The response must be the exact lines from the one that contains "High-Leg Brief Panty with Crochet Lace" through the end of the material, with no pictures and no additional lines.

:: Supplied data ::
# # #

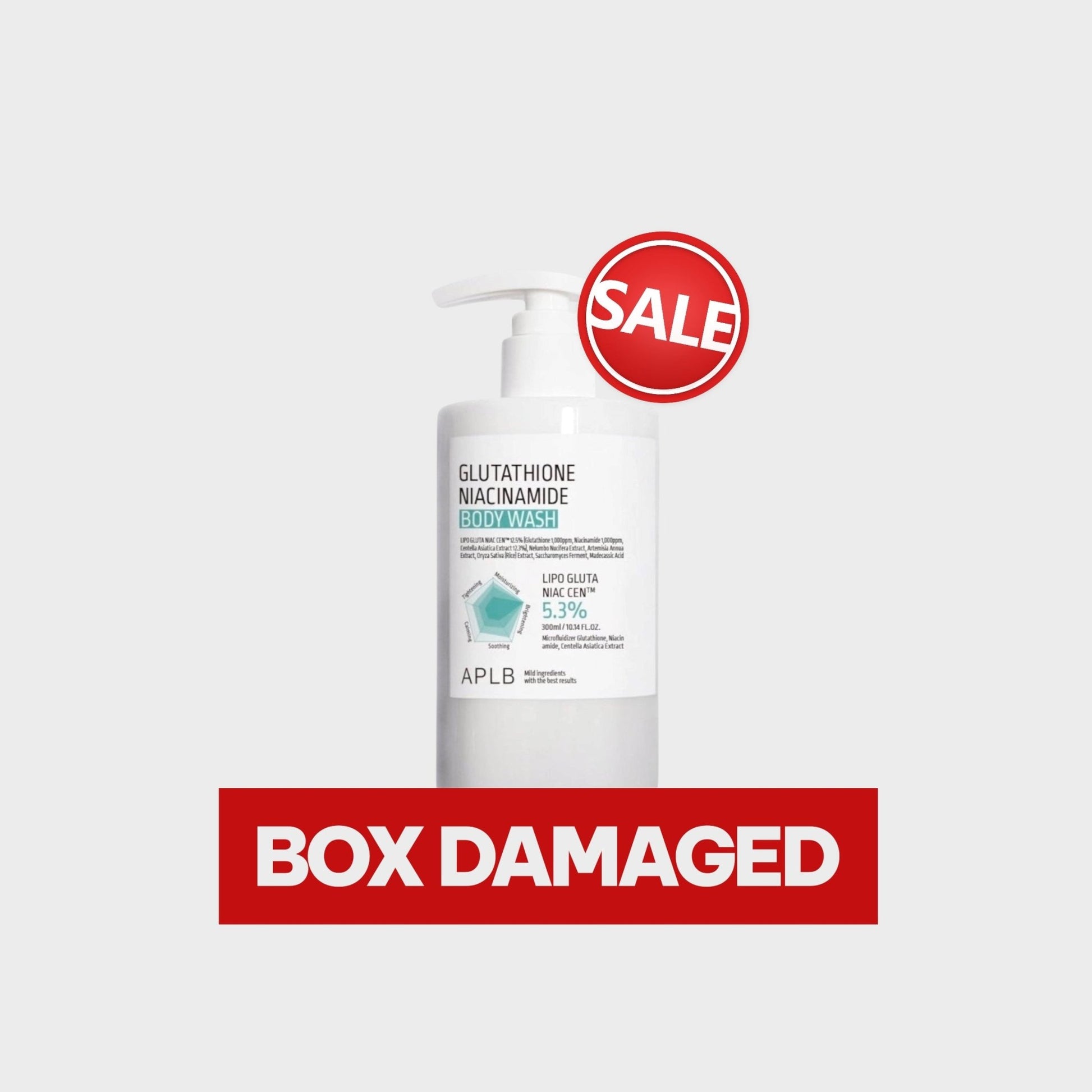 (BOX DAMAGE) APLB Glutathione Niacinamide Body Wash 300ml غسول الجسم APLB الجلوتاثيون النياسيناميد - Princess Cosmetics Qatar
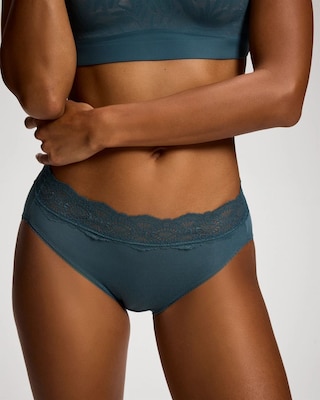High-Leg Brief Panty with Crochet Lace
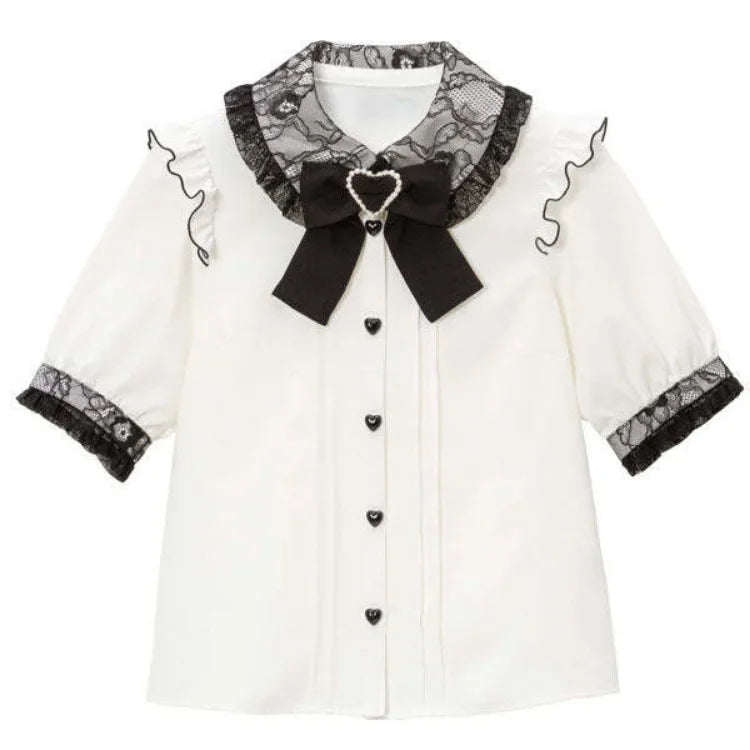 Hnewly Japanese Kawaii Lapel Neck Bow Shirts Women Summer Short Sleeve Lace Lolita Blouses Y2k Grunge Heart Button Blusas Mujer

# # #

:: Completed exercise ::
High-Leg Brief Panty with Crochet Lace
 Hnewly Japanese Kawaii Lapel Neck Bow Shirts Women Summer Short Sleeve Lace Lolita Blouses Y2k Grunge Heart Button Blusas Mujer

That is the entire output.